日本でも、久保建英選手がビジャレアル(ローン)に、安部裕葵選手がバルセロナBに移籍するなど話題になりました。
入団したすべての選手が活躍できるほど、トップチームは甘くはありませんが、クラブの目に止まったのには、それなりの理由があるはずです。
その理由のひとつに、「サッカーを理解してプレーをしているか」が挙げられるでしょう。そして、選手にサッカーを理解させるには、チームや指導者が「分析」を行っているかが重要な点となります。
サッカー分析を行うことで、選手もうまくなるための“納得”を手に入れる
分析と一言にいっても、その種類や方法は様々です。2016年に降格の危機に立たされていたホッフェンハイム(独)は、29歳の指導者を大抜擢し、見事、危機を脱出しました。そのときに活用されたのが、同チームをサポートしていた「SAP社」のテクノロジーです。
同社は2006年からドイツ代表もサポートしています。ビッグデータ分析ツール『SAP Match Insights』は、高精度カメラで選手の動きをトラッキングし、さまざまなデータ取得を行っています。
このような「データ分析」は、客観的に選手のプレーを数値化し、チームのSWOT分析に活用さます。
(※SWOT分析とは、目標を達成するために意思決定を必要としている組織や個人のプロジェクトなどにおいて、外部環境や内部環境を、強み 、弱み 、機会 、脅威 の4つのカテゴリーで要因分析し、事業環境変化に対応した経営資源の最適活用を図る経営戦略策定方法の一つである。) ウィキペディア
こういった分析には、多額の設備投資が必要であるため、欧州リーグでもほんの一握りのクラブしか採用していません。その他のクラブは「分析官」を置き、人によって分析されます。

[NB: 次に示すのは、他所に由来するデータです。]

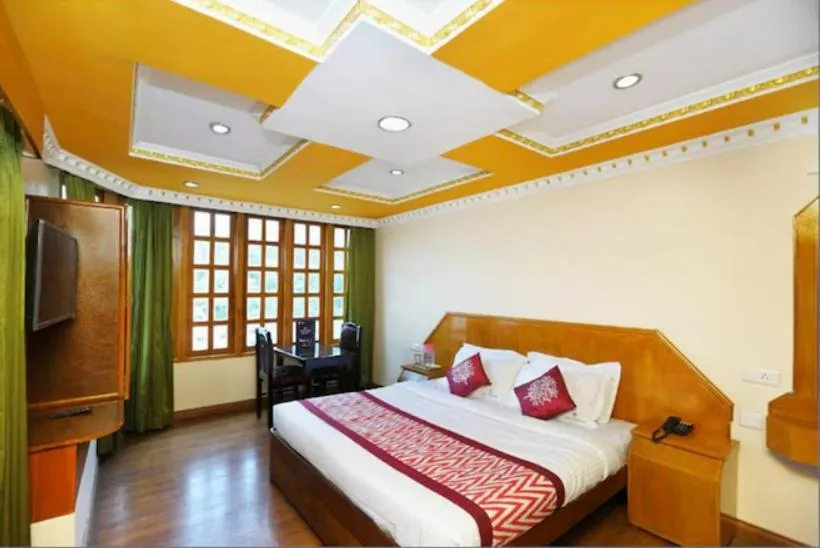 Hotel Gurupriya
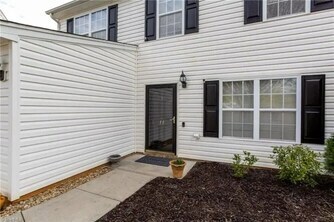 Building Photo - 11 Apple Ridge Ct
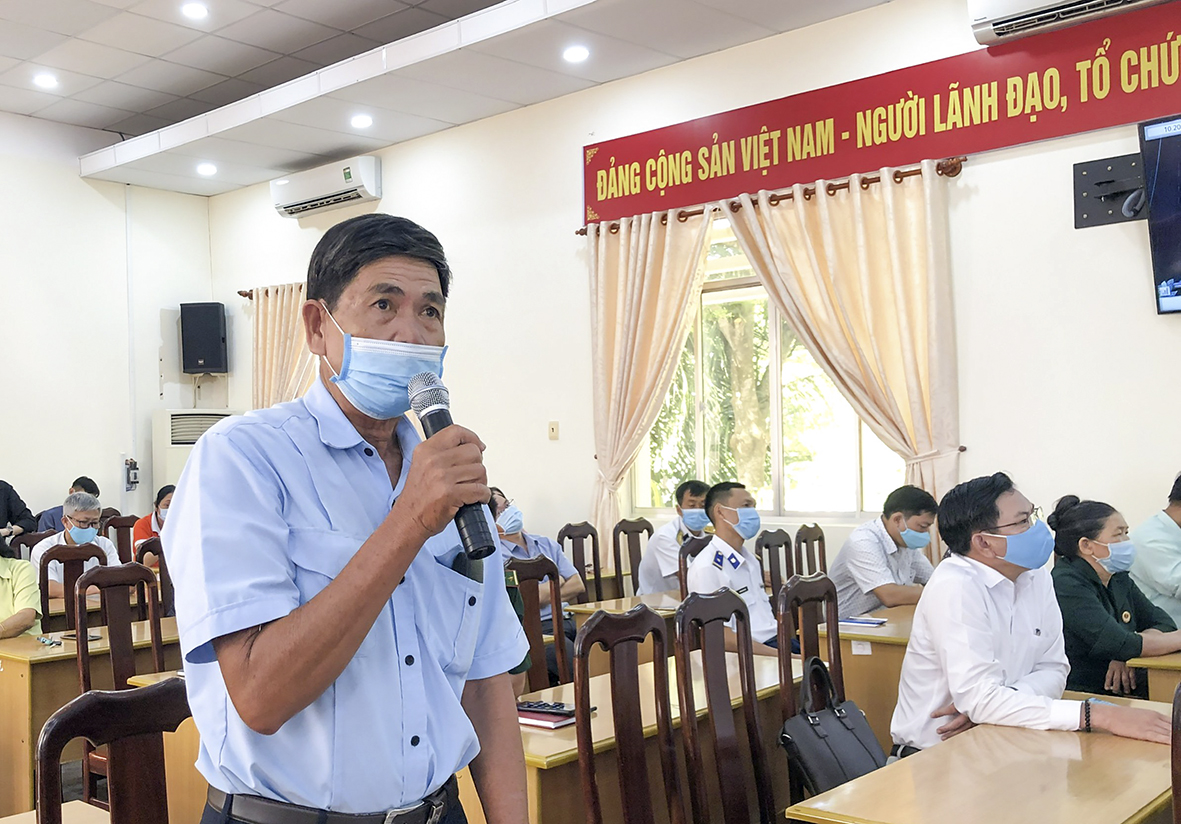 Cử tri Nguyễn Văn Tuấn, khu dân cư số 2, huyện Côn Đảo đề nghị các ứng cử viên nếu trúng cử ĐBQH khóa XV sẽ tiếp tục quan tâm các vấn đề về điện, nước, môi trường, phát triển du lịch ở các huyện đảo xa.
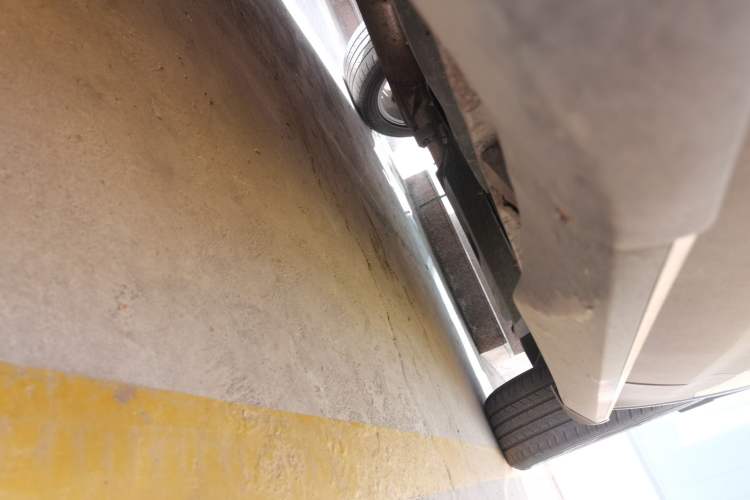 Used Land X7 2015 2.0T Panoramic Prestige Edition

分析官を下部組織から置いているクラブは多く、取得したデータは、移籍の際のエビデンスデータ(根拠となるデータ)としても取扱されることがあります。選手の出場記録などの基本的なデータから、プレーの特徴やその変化など、事細かく記録されます。
チームの監督にデータが共有されることで、チームをどのように向上させて行けばよいかという判断材料となります。つまり、「今日の試合は良かった」で終わらせることは、監督が仕事をしていないのと一緒となのです。
チーム分析をするということは、選手のプレーも「丸裸」にされる訳ですので、選手自身も強みや弱みが明白になります。最終的には選手が自分で納得してプレーをすることで、パフォーマンスが向上するのですが、その納得するための「材料」をチームが用意しているか、というところが重要です。ここに欧州の選手が若くして檜舞台に立てる理由があります。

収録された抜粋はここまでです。